Q: Do muscle spasms occur in Fibromyalgia Syndrome?

A: When examining muscles of the FMS patient they often feel tight and like a rope that is twisted and knotted. These shortened muscles and twisted fascia biomechanically compromise blood supply to the area. Remember that fascia has a tensile strength of 2000 pounds per square inch; it’s no wonder noncompliant muscles feel so tight when they are palpated. Without a copious blood supply muscles can not relax enough to recover, therefore the FMS patient exhibits a persistent low energy level regardless of their dietary habits. Remember it takes as much energy to relax a muscle as it does to work a muscle.

Q: What does noncompliant muscle mean to the FMS patient?

A: In order to understand the role of noncompliant or unhealthy muscle it is necessary to discuss complaint or healthy muscle. Compliant muscle can be stretched, shortened, twisted or compressed without restriction or pain. It exhibits good circulation, flexibility, strength and endurance.
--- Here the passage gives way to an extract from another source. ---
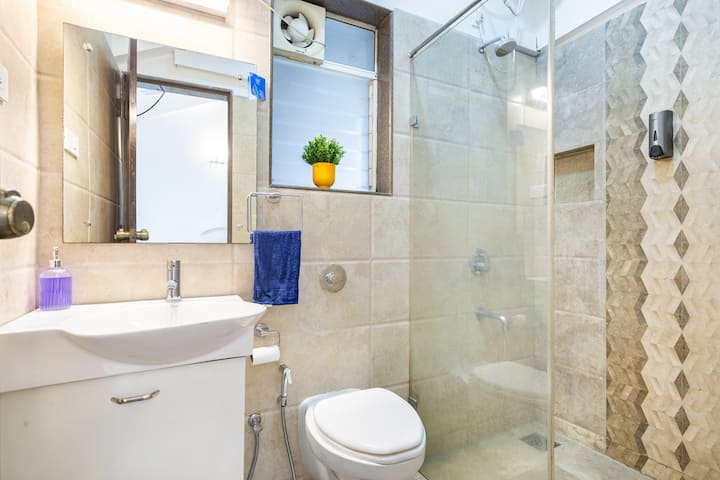 Full bathroom 3 image 1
On the other hand non-compliant tissue is stiff, tender and sore with a feeling of painful knots or tight bands in the muscle. Noncompliant muscle also exhibits poor circulation, reduced flexibility, weakness and it easily fatigues. It is susceptible to injury in the same way a worn tire invites a blowout. Remember, the way we diagnose the FMS patient is by compressing noncompliant muscle at characteristic spots.

Q: Does therapeutic massage or myofascial release help the FMS patient?

A: Frequent use of myofascial release or therapeutic massage is the secret to the management of symptoms. The Intracell Stick allows the FMS patient to self-manage symptoms, between clinic visits, with a high degree of accuracy. Waiting for an appointment to get help, often triggers an unnecessary flare up for the patient.

Q: Can Fibromyalgia Syndrome be cured?

A: At present there is no cure for the syndrome. Dr. Stuart Silverman is quoted as saying, “Tricyclic drugs can be used to improve the quality of sleep or reduce pain sensitivity, but they are only mildly effective in alleviating the symptoms.” On the brighter side, Dr. Andrew Bonci, Professor, Department of Diagnoses at Cleveland College states,” advances in exercise science and manual medicine are evolving practical and promising solutions for the fibromyalgia patient.”

Q: How does the healthcare practitioner attract FMS patients to his or her office?

A: One of the best ways is to contact a local support group and request to speak at one of the meetings. If you don’t speak, go listen . . . you can learn a great deal about this condition from the ones who have it.

A great resource:

I have also found a fantastic resource called the Fibromyalgia Journal that has everything you want to know about the syndrome.

In particular, I was most interested in the information concerning myofascial release and trigger points.  Here is a quick exert:

The goal of myofascial release is to release fascial restrictions and allow the layers to move freely, thus allowing the muscles to shorten as well as to lengthen, as they should in a healthy human body.” – To read more click HERE.

Here is another great article I found – Fibromyalgia Syndrome & Trigger Points

To summarize, The Stick is an excellent tool for for people who suffer from Fibromyalgia.  This is because The Stick has the ability to break down trigger points and help to heal myofascia by increasing circulation and relieving pain.